↓↓↓
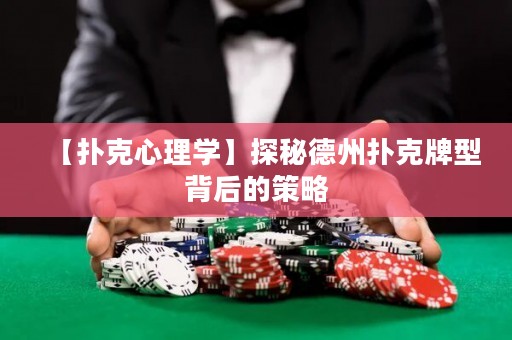 【撲克心理學(xué)】探秘德州撲克牌型背后的策略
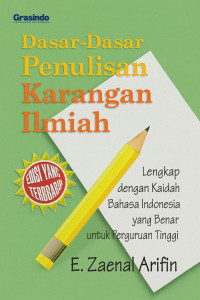 Image of Dasar-Dasar Penulisan Karangan Ilmiah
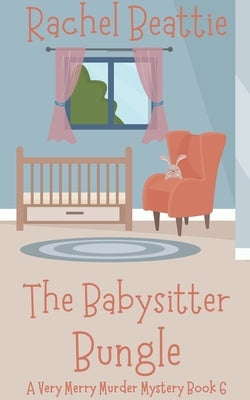 The Babysitter Bungle by Beattie, Rachel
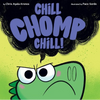 Chill, Chomp, Chill! - Hardcover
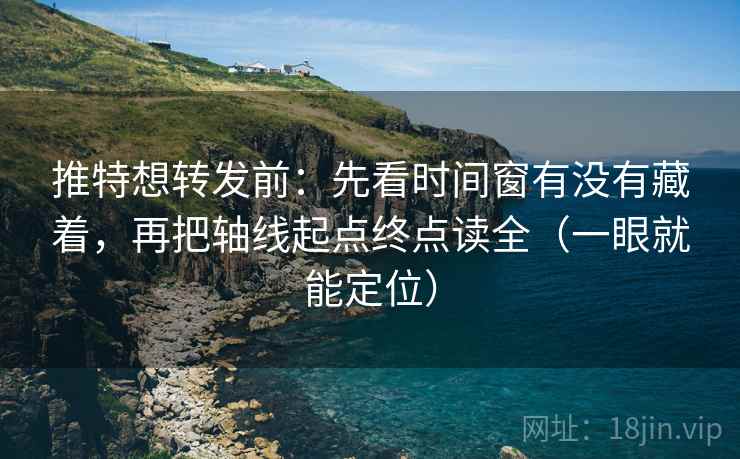 推特想转发前:先看时间窗有没有藏着,再把轴线起点终点读全(一眼就能定位) 推特想转发前:先看时间窗有没有藏着,再把轴线起点终点读全(一眼就能定位)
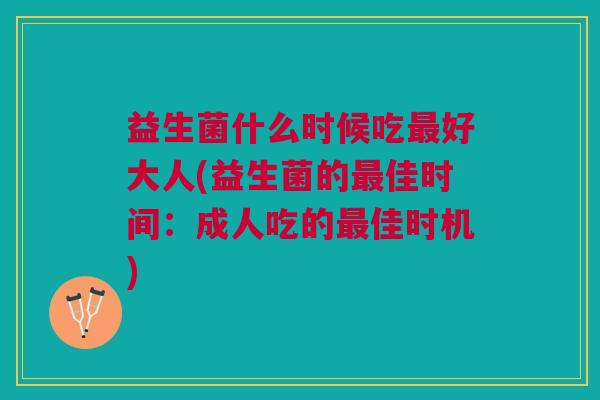 益生菌什么时候吃好大人(益生菌的佳时间:成人吃的佳时机) 益生菌什么时候吃好大人(益生菌的佳时间:成人吃的佳时机)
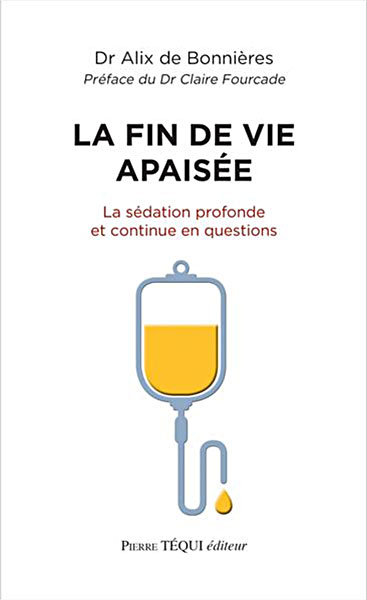 "La fin de vie apaisée. La sédation profonde et continue en questions" Dr Alix de Bonnières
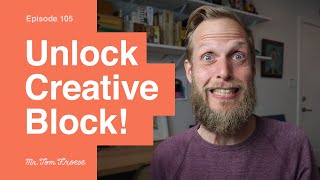 How to Break Through Creative Block
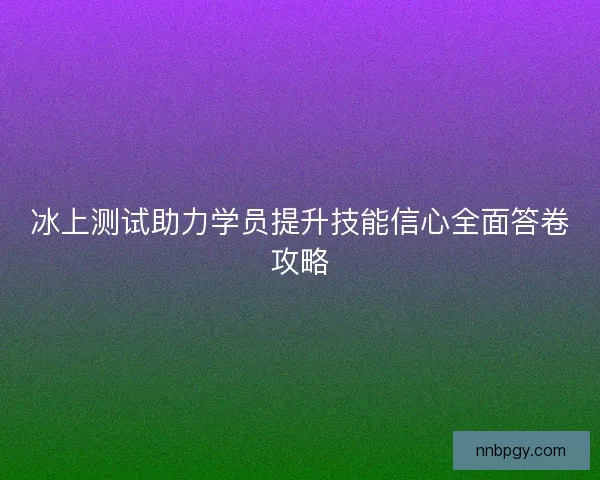 冰上测试助力学员提升技能信心全面答卷攻略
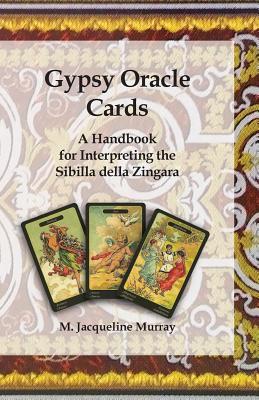 Gypsy Oracle Cards: A Handbook for Interpreting the Sibilla della Zingara - M. Jacqueline Murray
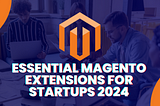 12 Essential Magento Extensions for Startups 2024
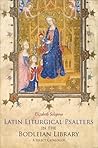 Latin Liturgical Psalters in the Bodleian Library: A Select Catalogue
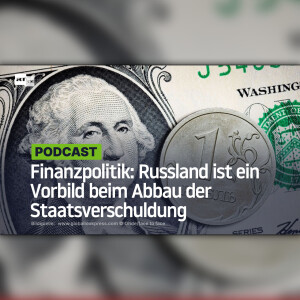 Finanzpolitik: Russland ist ein Vorbild beim Abbau der Staatsverschuldung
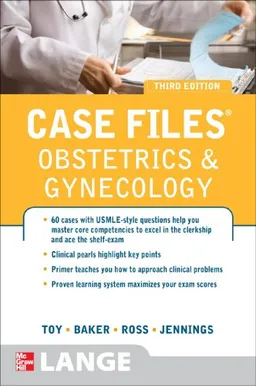 Case Files Obstetrics and Gynecology, Third Edition (LANGE Case Files)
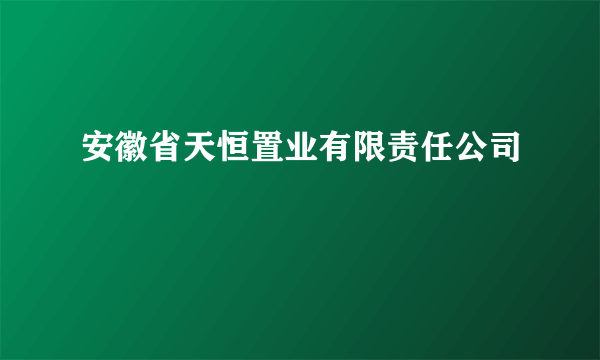 安徽省天恒置业有限责任公司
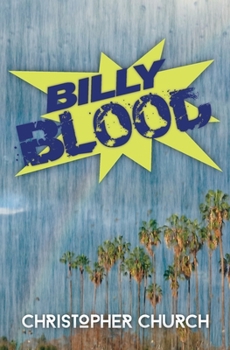 Billy Blood - Book #4 of the Mason Braithwaite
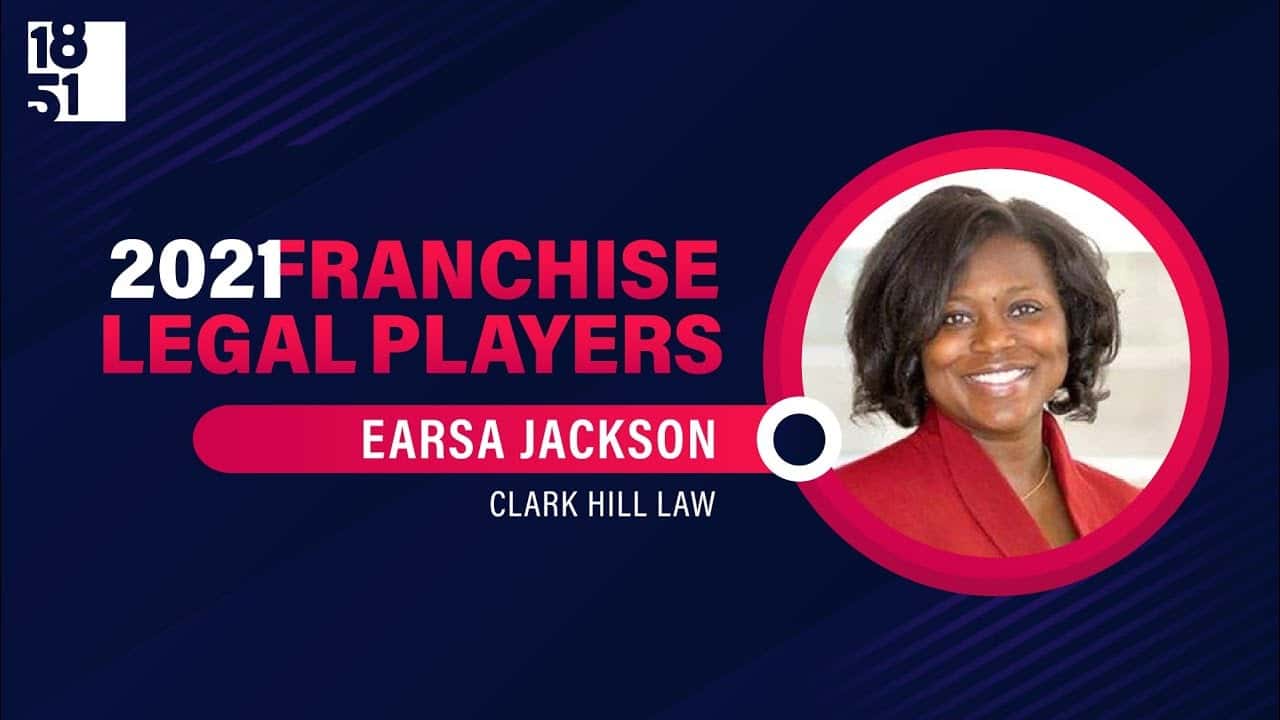How undefined Evolved and Set New Standards Top Franchise Legal Players: Earsa Jackson, Attorney with Clark Hill Law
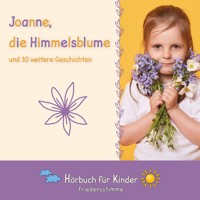 Joanne, die Himmelsblume und 10 weitere Geschichten - Traditional - Hörbuch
↑↑↑
Exercise: Only the lines from the one with "Image of Dasar-Dasar" through the final line of the entries above should be transcribed, exactly and without pictures.

Answer:
 Image of Dasar-Dasar Penulisan Karangan Ilmiah
 The Babysitter Bungle by Beattie, Rachel
 Chill, Chomp, Chill! - Hardcover
 推特想转发前:先看时间窗有没有藏着,再把轴线起点终点读全(一眼就能定位) 推特想转发前:先看时间窗有没有藏着,再把轴线起点终点读全(一眼就能定位)
 益生菌什么时候吃好大人(益生菌的佳时间:成人吃的佳时机) 益生菌什么时候吃好大人(益生菌的佳时间:成人吃的佳时机)
 "La fin de vie apaisée. La sédation profonde et continue en questions" Dr Alix de Bonnières
 How to Break Through Creative Block
 冰上测试助力学员提升技能信心全面答卷攻略
 Gypsy Oracle Cards: A Handbook for Interpreting the Sibilla della Zingara - M. Jacqueline Murray
 12 Essential Magento Extensions for Startups 2024
 Latin Liturgical Psalters in the Bodleian Library: A Select Catalogue
 Finanzpolitik: Russland ist ein Vorbild beim Abbau der Staatsverschuldung
 Case Files Obstetrics and Gynecology, Third Edition (LANGE Case Files)
 安徽省天恒置业有限责任公司
 Billy Blood - Book #4 of the Mason Braithwaite
How undefined Evolved and Set New Standards Top Franchise Legal Players: Earsa Jackson, Attorney with Clark Hill Law
 Joanne, die Himmelsblume und 10 weitere Geschichten - Traditional - Hörbuch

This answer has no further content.